Histological feature through all layers. There is no evidence of invasion in the biopsy.


Clinicopathological feature
Clinicopathological feature through all layers. There is no evidence of invasion in the biopsy.

  • Acquired syphilis

  • Congenital syphilis


Acquired syphilis
Acquired syphilis through all layers. There is no evidence of invasion in the biopsy.

  • Primary stage

  • Secondary stage

  • Tertiary stage


Primary stage through all layers. There is no evidence of invasion in the biopsy.

Chancre


Secondary stage through all layers. There is no evidence of invasion in the biopsy.

Lymphode enlargement

Syphilid


Systemic involement in tertiary syphilis through all layers. There is no evidence of invasion in the biopsy.

Gumma formation


Tertiary stage through all layers. There is no evidence of invasion in the biopsy.

Gumma


Clinicopathological feature1
Clinicopathological feature through all layers. There is no evidence of invasion in the biopsy.

  • Acquired syphilis

  • Congenital syphilis


Congenital syphilis
Congenital syphilis through all layers. There is no evidence of invasion in the biopsy.

  • Syphilitic hepatitis

  • Syphilitic pneumonia

  • Desquamation of skin

Early death

  • Osteochondritis

  • Perichondritis

Bone deformities


Malformation of the teeth through all layers. There is no evidence of invasion in the biopsy.

Saddle nose


Sexually transmitted disease std1
Sexually transmitted disease(STD) through all layers. There is no evidence of invasion in the biopsy.

  • Gonorrhea

  • Syphilis

  • Condylomata acuminata


Condylomata acuminata veneral warts
Condylomata acuminata (veneral warts) through all layers. There is no evidence of invasion in the biopsy.

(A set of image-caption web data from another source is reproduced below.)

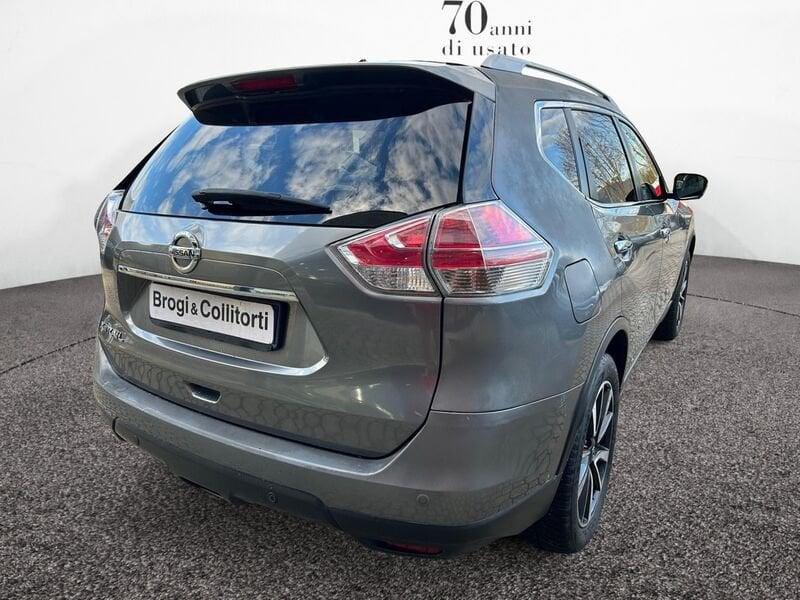 Nissan X-Trail 1.6 dCi Acenta 2WD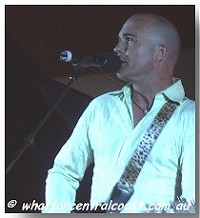 James Blundell - What's On Image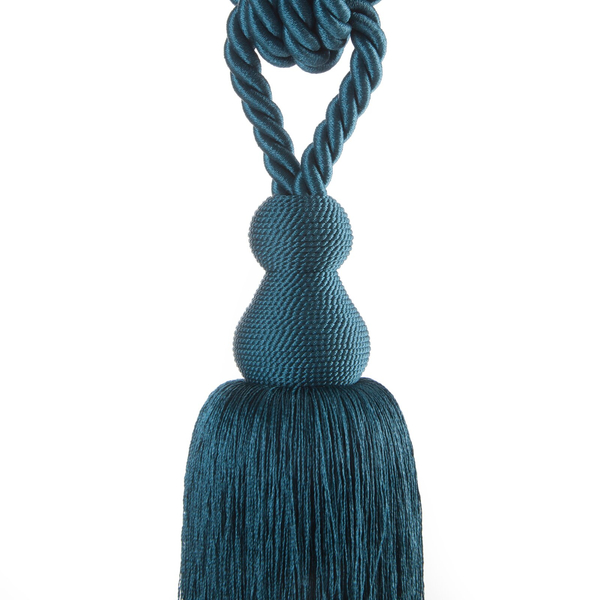 Sznur Dekoracyjny do Zasłon dł.67 cm DIANA C.Turk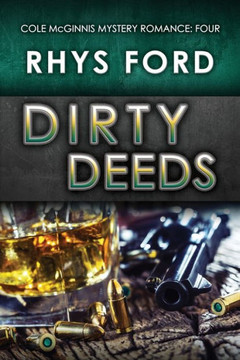 Dirty Deeds: Volume 4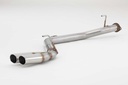 Fujitsubo A-S NISSAN ELGRAND HIGHWATSTAR 3.5 PE/PNE52 VQ35DE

  • Causative organism:Human papillomavirus(HPV)6,11

  • Spread of infection

Sexal intercourse

Indirect contact


Condylomata acuminata through all layers. There is no evidence of invasion in the biopsy.

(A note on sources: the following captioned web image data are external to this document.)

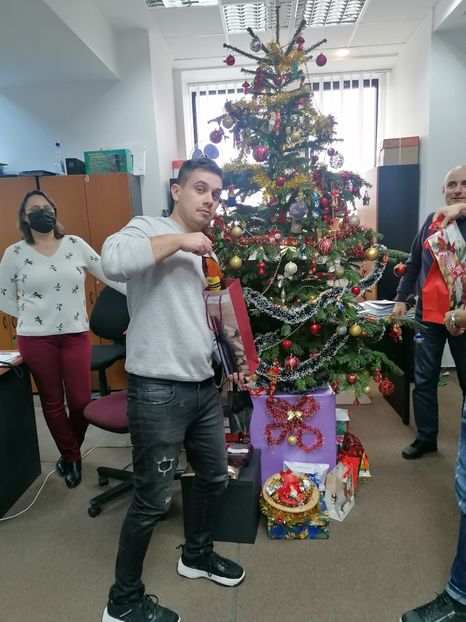  - STB decembrie 2021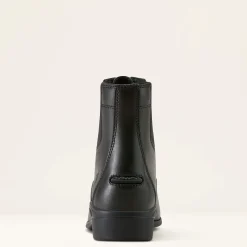 Ariat Reiten*Scout Zip Paddock Boot BLACK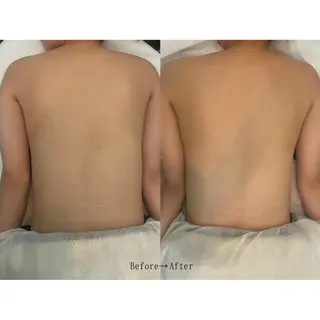 杉浦里沙⌇ 居心地いいエステのエステ・リラクイメージ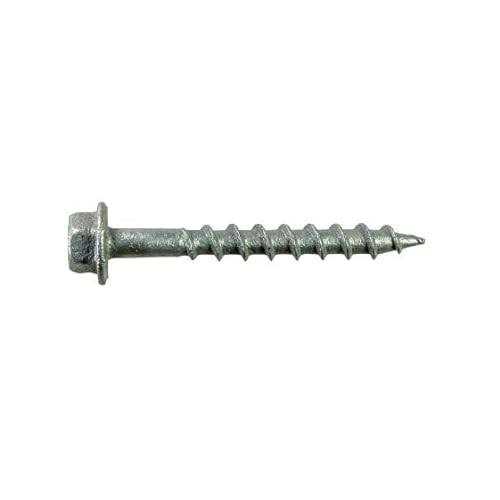 Simpson Strong-Tie Concealed Post Base CPT44Z - Zenithce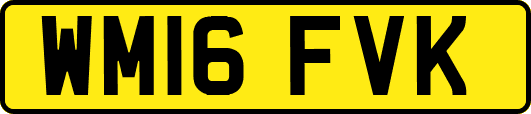 WM16FVK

Condylomata acuminata through all layers. There is no evidence of invasion in the biopsy.

Koliocytosis


Gold criteria for diagnosis through all layers. There is no evidence of invasion in the biopsy.

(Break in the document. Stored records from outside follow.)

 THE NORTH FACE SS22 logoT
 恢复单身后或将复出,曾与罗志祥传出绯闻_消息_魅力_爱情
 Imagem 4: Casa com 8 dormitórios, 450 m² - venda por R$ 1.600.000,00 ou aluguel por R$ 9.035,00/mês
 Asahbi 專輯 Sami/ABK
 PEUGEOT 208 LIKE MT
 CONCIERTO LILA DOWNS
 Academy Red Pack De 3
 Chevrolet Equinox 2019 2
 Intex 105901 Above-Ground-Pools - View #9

In situhybridization (ISH)

Electronmicroscopy


Suggested reading through all layers. There is no evidence of invasion in the biopsy.


Case study1
Case study through all layers. There is no evidence of invasion in the biopsy.

  • A 74-year-old retired fruit-farm labourer says that he has been feeling unusually tired and has lost his appetite. Initial blood tests show that he is anemic, with an Hb of 9.8g/dl and has renal failure with a blood urea of 26mmol/l and a creatinine of 280mmol/l.On further enquiry, you find out that he has had a poor urinary system, with some frequency, nocturia and a post-micturitional dribble.


Physical examination
Physical examination through all layers. There is no evidence of invasion in the biopsy.

  • Rectal examination reveals a rubbery, firm, smooth enlargement of the prostate gland. Further investigations include an intravenous urogram (IVU) which showed both kidneys to be functioning but also showed bilateral hydronephrosis with hydroureter.


Questions2
Questions through all layers. There is no evidence of invasion in the biopsy.

  • what is the most likely diagnosis?


Questions3
Questions through all layers. There is no evidence of invasion in the biopsy.

  • what further tests may be helpful?


Questions4
Questions through all layers. There is no evidence of invasion in the biopsy.

  • what abnormality is seen in the bladder?